On the other hand, we still have not managed to find a satisfactory explanation for the influence on the sound object of the individual player’s attack on the piano key. We are not unaware, of course, that timbre changes with the strength of the attack, as is shown by the spectra. . . . A medium attack makes the sound harsher, while a powerful attack gives a bright timbre not unlike a wind instrument. This is not enough to account for the various shades of sonority that the pianist can produce through secondary variations of touch; researchers at the University of Pennsylvania (U.S.A.) compared the sound spectra produced on the same piano by a famous pianist’s touch and by a weight dropped on to the note: the oscillograms showed no difference.3

Here we can see the weakness of musical acoustics: problematic measurements and hypotheses, as well as a lack of specific observations. We are failing to see the wood for the trees. We will soldier on.

12.3. THE SPLICED PIANO

Poor laboratories have at least one advantage; they make the researcher go back to simple experiments. Keeping to the experimental method we will describe more fully in chapter 13, we had just the tape recorder and scissors. How was it that we had not thought of this earlier, before embarking on a whole battery of delicate operations on the beginnings of sounds? Because, to our minds, the attack was so bound up with TEMPORAL LOCALIZATION that if we cut off the beginnings of sounds, we were certain to eliminate it from our listening. So it was without any preliminary conviction, and as one might carry out a somewhat absurd check to set one’s mind at rest, that we recorded a bass piano note and, by cutting somewhere after several tenths of a second, eliminated what was certain to be the attack. When we replayed the tape, we expected to hear a sound with its characteristic beginning decapitated. Now, this bass sound, with several tenths of a second, then half a second, indeed one second cut off, reproduced the whole of the piano note, with all its characteristics of timbre and attack.

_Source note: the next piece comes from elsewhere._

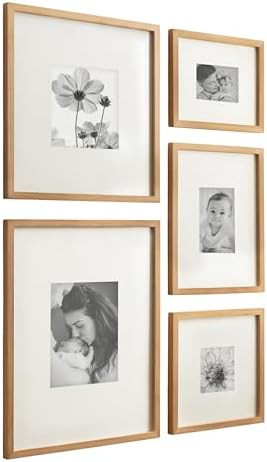 Kate and Laurel Gallery Contemporary Rectangle Minimal Graphic Framed Art Set of 5; Varying Sizes... | Amazon (US)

So, after this first experiment, we could already conclude that, for bass piano sounds, the perception of attack is not linked to the phase when the sound is being physically established, since the beginning can be removed without changing the attack. Hence, our initial approach, which was based on the study of transient regimes, became null and void at least in the bass piano register and was likely to be so in other cases. It should be noted that this strange finding, once we have got over our initial surprise, can be quite easily explained if we consider that the transients at the beginning of a sound occur precisely within a space of time below or, at most, equal to the resolving power of the ear. We have already pointed out this contradiction in the previous chapter. This proof allows us finally to put aside a persistent misunderstanding. We perhaps had no greater understanding of the attack itself, but since it was clear which way we should go, we repeated this experiment first of all with the various piano registers, then with sounds from various other instruments. We will try to give more details about these experiments.

First, with the piano we found that the perception of the steepness of attack varied according to where the cut was made: the steepness was greater if the cut was made in a portion with a steeper descending dynamic. With bass piano notes the dynamic line is perceptibly linear, and, in fact, these cuts can be made a long way beyond the initial moments of the sound without the character of the attack (or indeed the timbre) changing perceptibly: in practice we can cut up to a second into the beginning of the sound (fig. 6). If we go any further, the artificial attack seems less powerful than the original attack. If, however, we cut an A4 on the piano at 1/2 a second, or 1 sec., the sound becomes unrecognizable; it is more like a flute than a piano. In keeping with the general rule given above, we also note that the dynamic of this A4, which is fairly steep immediately after the beginning of the sound, is almost flat at the end (fig. 7).

FIGURE 6. Bathygrams of an A1 on the piano with the attacks cut out: (a) the average slope of the decreasing dynamic is constant; (b) and (c) the cut sounds are heard with approximately the same attack as the original sound.

FIGURE 7. Bathygram of an A4 on the piano.

Cuts that do not change the attack are difficult to make in the high register of the piano, since the dynamic gap is very tight because of the brevity of the sounds, and unless we cut very near to the beginning of the sound (barely 50 ms), the slope after the cut is not as strong as it is at the very beginning of the original sound, which explains why we obtain gentler attacks then.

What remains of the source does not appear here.